木兰和郦道元在一位须发皆白的老工匠带领下,依次进入昙耀五窟,瞻仰佛象。老工匠一边带着两个人沿着山路同上走,一边说:“三十多年前,昙耀大师奉高宗皇帝之命,主持开凿佛窟,是到处寻查山岩啊。武周山是北魏历代帝王祈福祷告的灵山,石质坚硬,很适合雕刻,昙耀大师就将地点选在这里了。”

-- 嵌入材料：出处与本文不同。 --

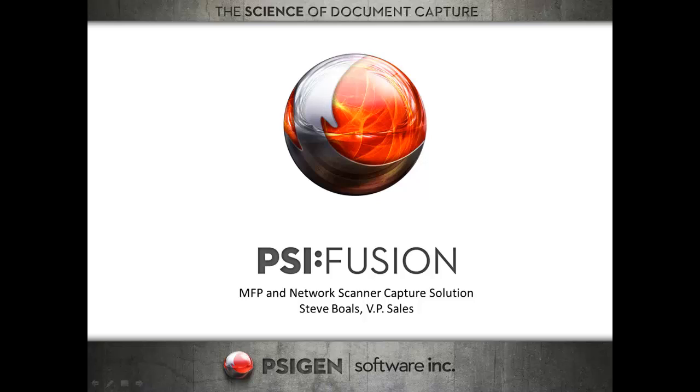In this presentation, I'm going to give you a quick overview of SciGen's new product, SciFusion, a web-based capture product that allows you to work simply and easily with MFPs, copiers, and network-based scanners.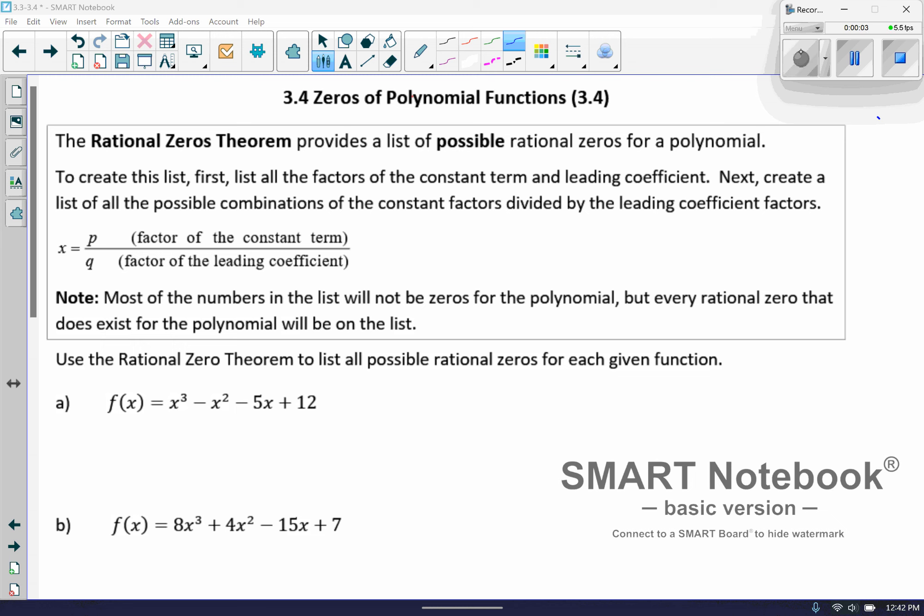Now we're at 3.4, Zeros of Polynomial Functions. As I mentioned at the end of the last video, this is just a continuation of 3.3, but now you're going to be asked to solve these without being given any hints. And so that is going to lead us to this new thing called the rational zero theorem.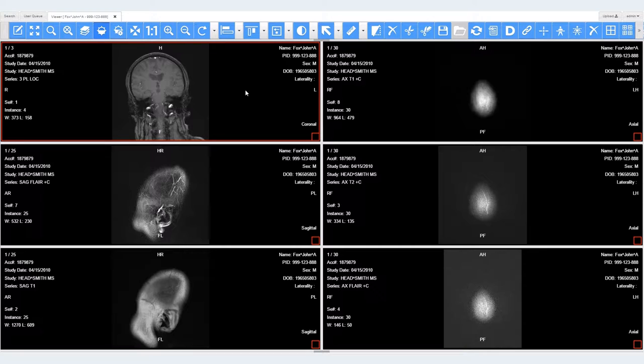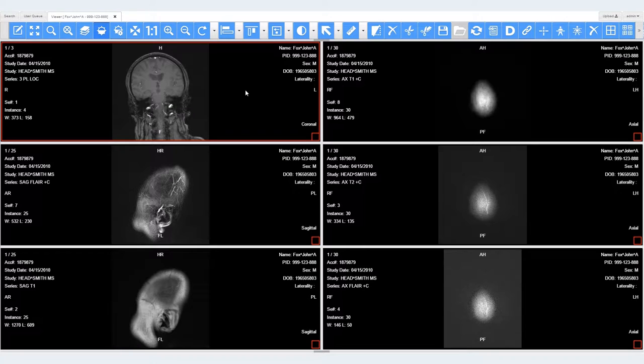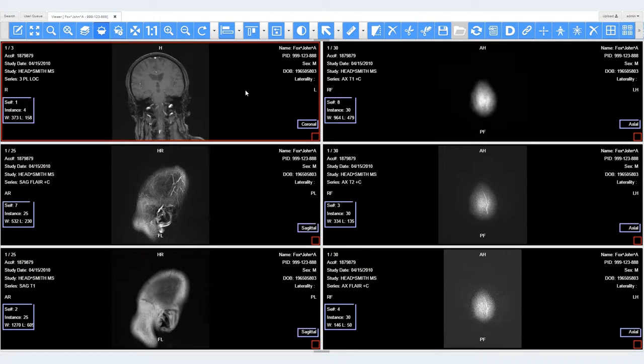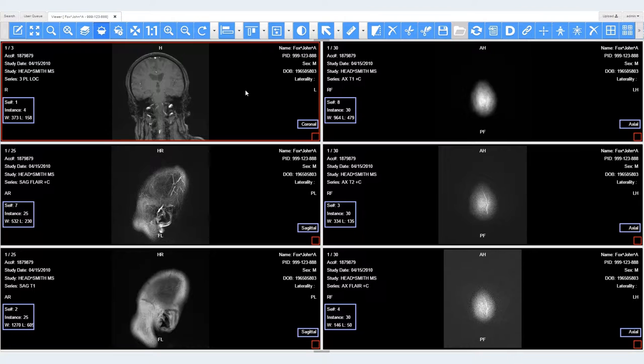For example, we have displayed six series from a head MRI with three planes and varying window level values. Two series share the sagittal plane and three series share the axial plane.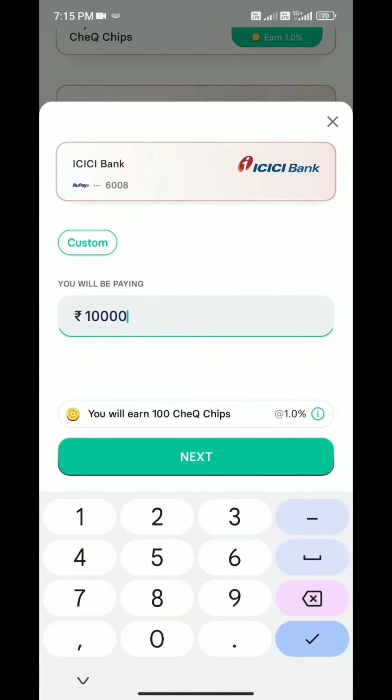I'm redirected back to the CheQ app and see, I have received 100 CheQ coins. I have a lot of offers and vouchers available.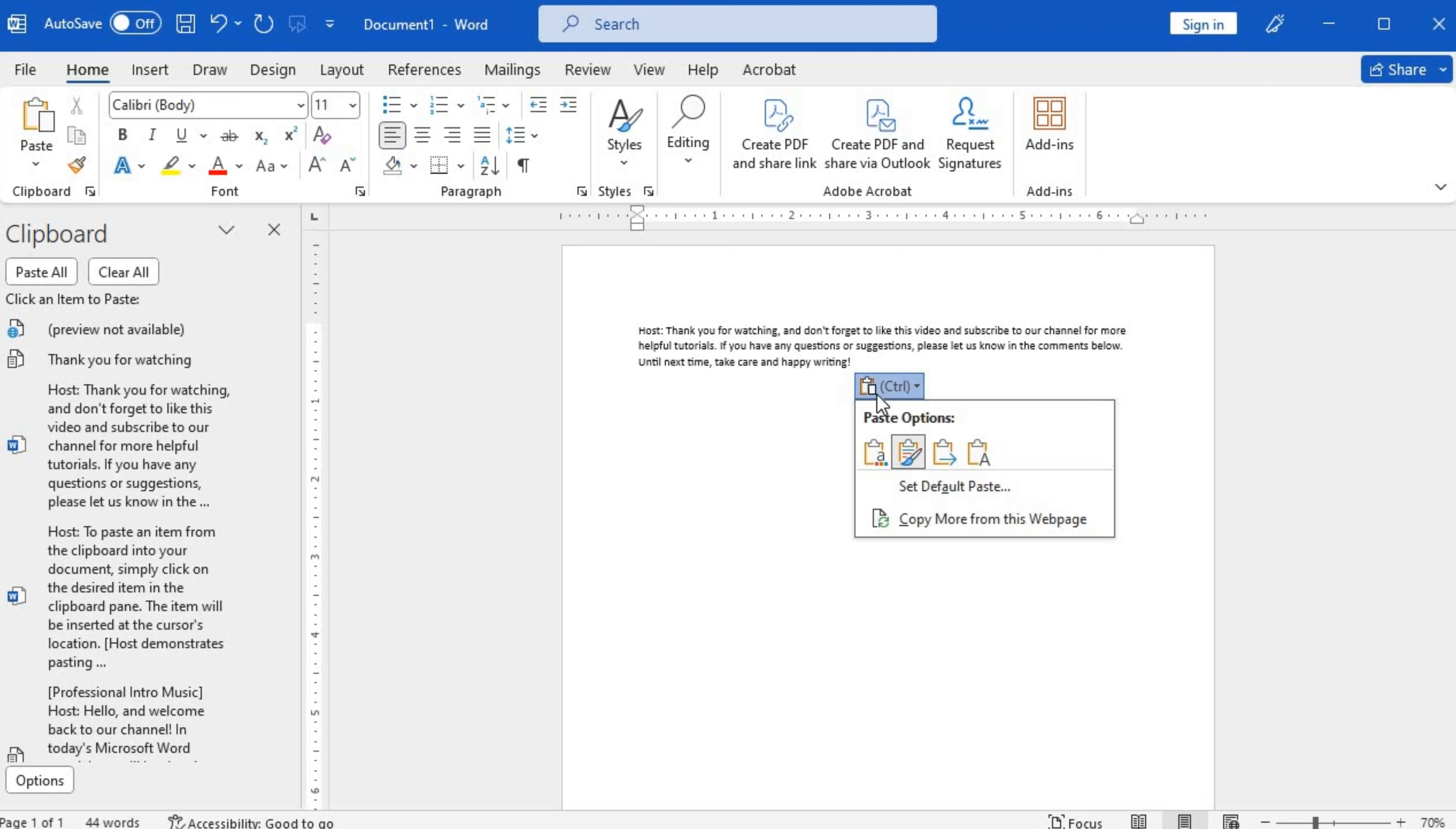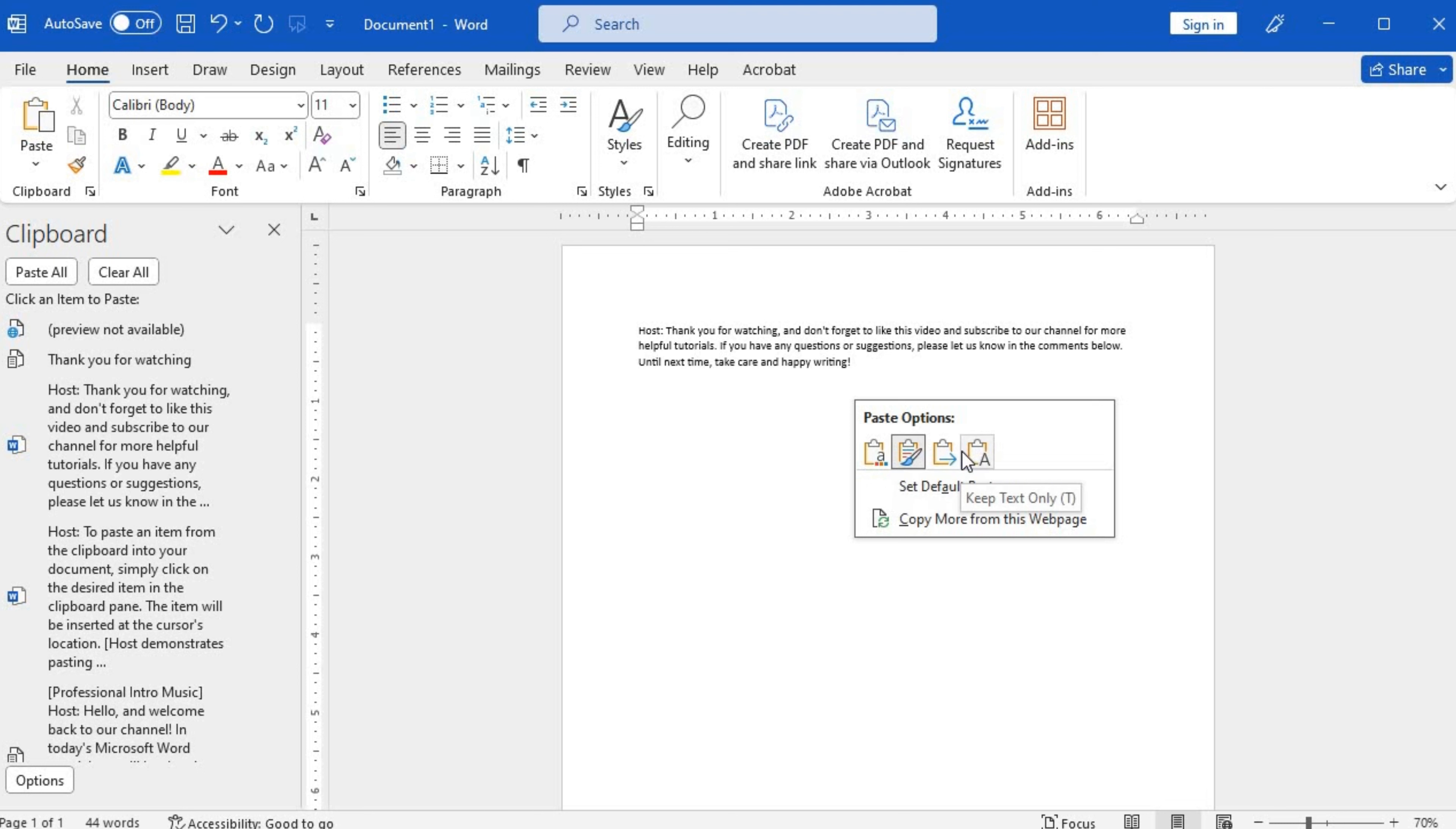From the paste options menu, you can choose to keep the original formatting, merge formatting, use destination formatting, or simply paste as plain text. It's worth mentioning that you can also clear the clipboard by clicking the clear all button in the clipboard pane.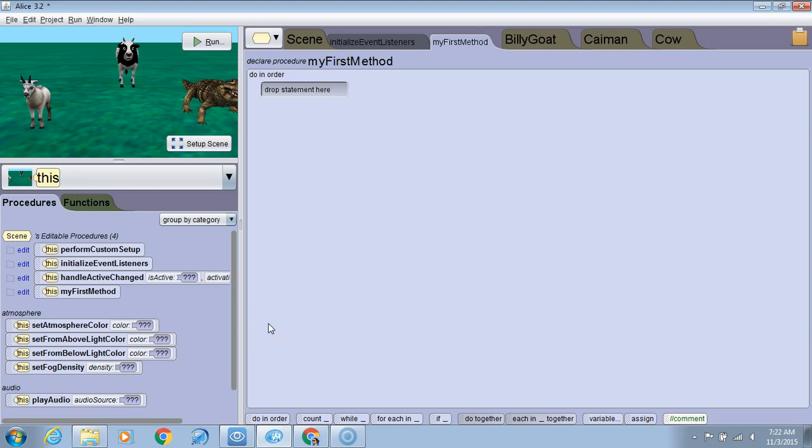In this video, we are going to learn how to create variables that are part of the properties of an object.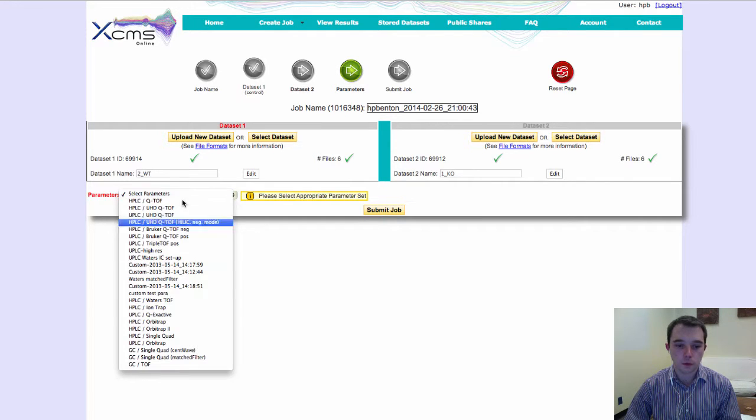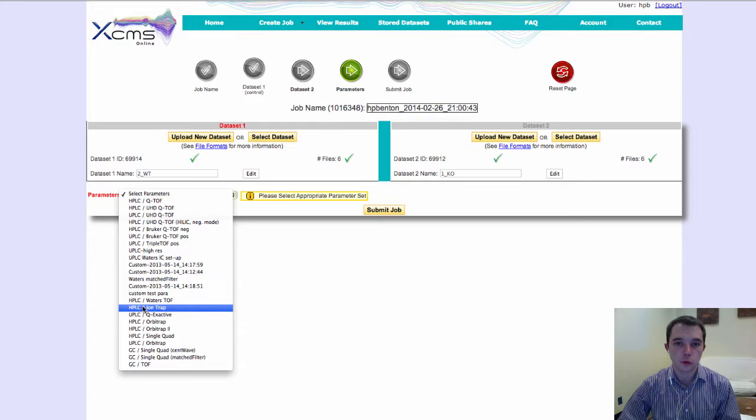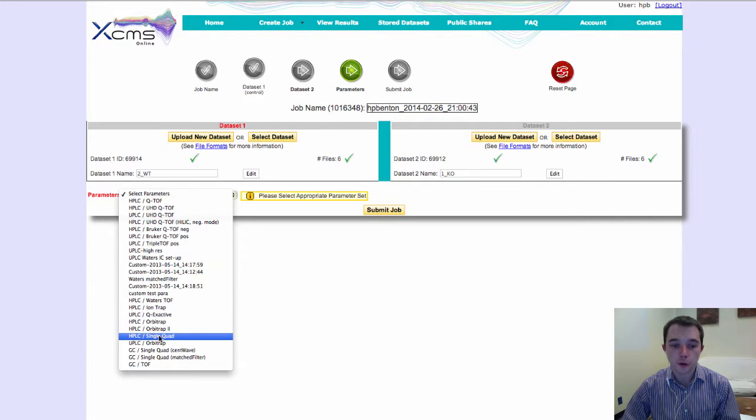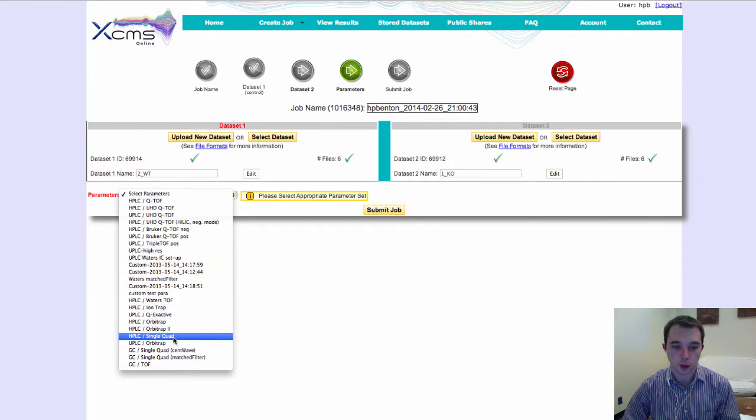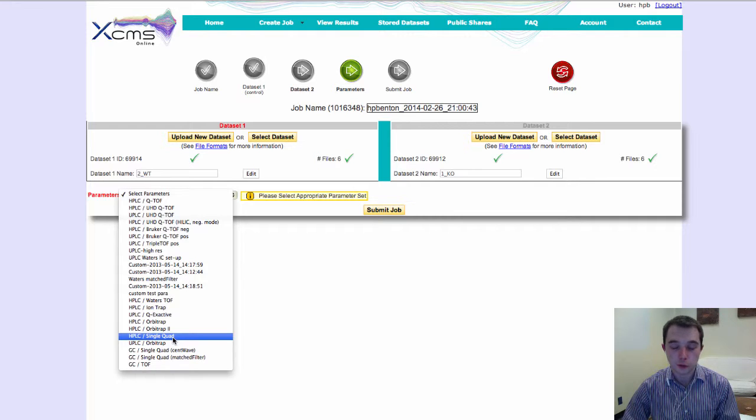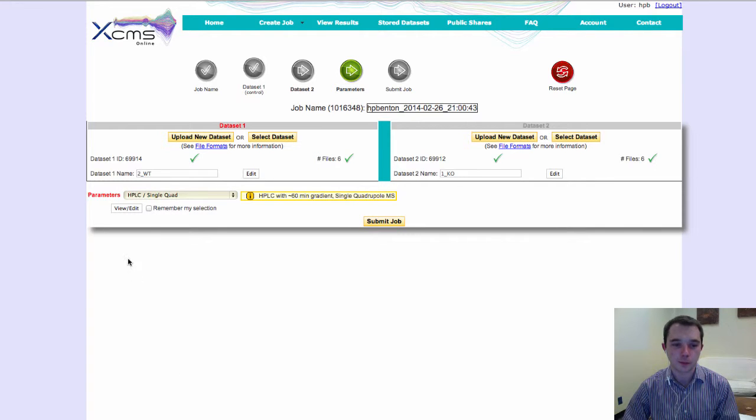And so we're going to just select the very best starting parameter settings for that. So this was run on HPLC, and it was actually run on a single quad, so that's the parameter setting that I'll select.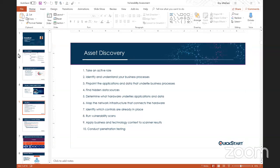Most people only think about one thing, but you've got to think about every single department — their function, their role. What is your most critical thing? Is it email? Is it a database server? Is it web services? Analyze it from that perspective. Then, identify and understand your business processes and pinpoint what applications and data are dependent on each other — looking at dependencies. If one component fails, what else fails in the environment? If one department goes down, does it affect just that department or multiple departments? You also want to find any hidden data sources and understand what hardware underlies your applications and data.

老工匠手里高擎火把,从最东端的第一窟开始,一窟一窟地进出。昙耀五窟,形制相似,平面呈马路形状,进入里面之后就看到好大一个窟窿顶,好像印度草庐一般。窟的四壁燃起无数的油灯蜡烛,映耀着满雕千佛的外壁,造像主要是过去、现在、未来三世佛,主尊形体高大,或坐或立,面相方圆,深目隆鼻,神情庄严肃穆,身躯壮硕伟岸,即便是佛像身后作少女型的飞天等,也是英姿飒爽,彰显了北魏早期游牧民族的鲜明特色。但五窟的造像风格,又随着五位皇帝所处年代文化历史背景的不同而有所创新,呈现一种纷然杂衬,百花齐放的壮丽景象,令人目不暇接。
木兰直觉得自己已经来到西方佛国,已经看到了无数鲜活的佛尊,真容伟貌,佛光宝相,相相明晰,神气横生,好似正在往来虚空,神采飘逸,不由得浑身轻快,心定神清。
老工匠指点着说:“这五座主尊佛象,高大雄伟,气度非凡,正是大魏五位帝王的化身,分别代表了高宗皇帝、恭宗皇帝、世祖皇帝、太宗皇帝和太祖皇帝。总之是以魏国立国之后诸帝为原形,附会佛尊彰显诸帝伟貌真容。”
木兰和郦道元一边听,一边连连点头,随着老工匠一直来到了最后一窟。木兰抬头一看,惊得目瞪口呆,钉在当地。
迎面一尊端然正坐的释迦,着右袒袈裟,结珈趺坐,高大突出,体态丰满,头束高髻,方面大耳,头部稍稍前倾,目光下视,好像在注视自己。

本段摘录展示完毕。